[Opening INPUT FOR THIS TASK section]

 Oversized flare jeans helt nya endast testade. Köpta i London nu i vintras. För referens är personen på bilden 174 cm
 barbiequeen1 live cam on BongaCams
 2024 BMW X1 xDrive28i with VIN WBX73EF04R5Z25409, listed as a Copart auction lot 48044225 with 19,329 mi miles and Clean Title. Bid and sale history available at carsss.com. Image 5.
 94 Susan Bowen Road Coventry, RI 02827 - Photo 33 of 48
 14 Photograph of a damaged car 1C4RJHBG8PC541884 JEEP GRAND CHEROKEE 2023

[Closing INPUT FOR THIS TASK section]
[Opening INPUT FOR THIS TASK section]

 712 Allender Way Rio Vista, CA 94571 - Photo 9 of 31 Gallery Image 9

[Closing INPUT FOR THIS TASK section]

(YOUR INSTRUCTIONS) In the listing above, transcribe exactly everything from the line containing "barbiequeen1 live cam on BongaCams" down to the line containing "14 Photograph of", including both and nothing more.

(RESPONSE TO THIS EXERCISE)
 barbiequeen1 live cam on BongaCams
 2024 BMW X1 xDrive28i with VIN WBX73EF04R5Z25409, listed as a Copart auction lot 48044225 with 19,329 mi miles and Clean Title. Bid and sale history available at carsss.com. Image 5.
 94 Susan Bowen Road Coventry, RI 02827 - Photo 33 of 48
 14 Photograph of a damaged car 1C4RJHBG8PC541884 JEEP GRAND CHEROKEE 2023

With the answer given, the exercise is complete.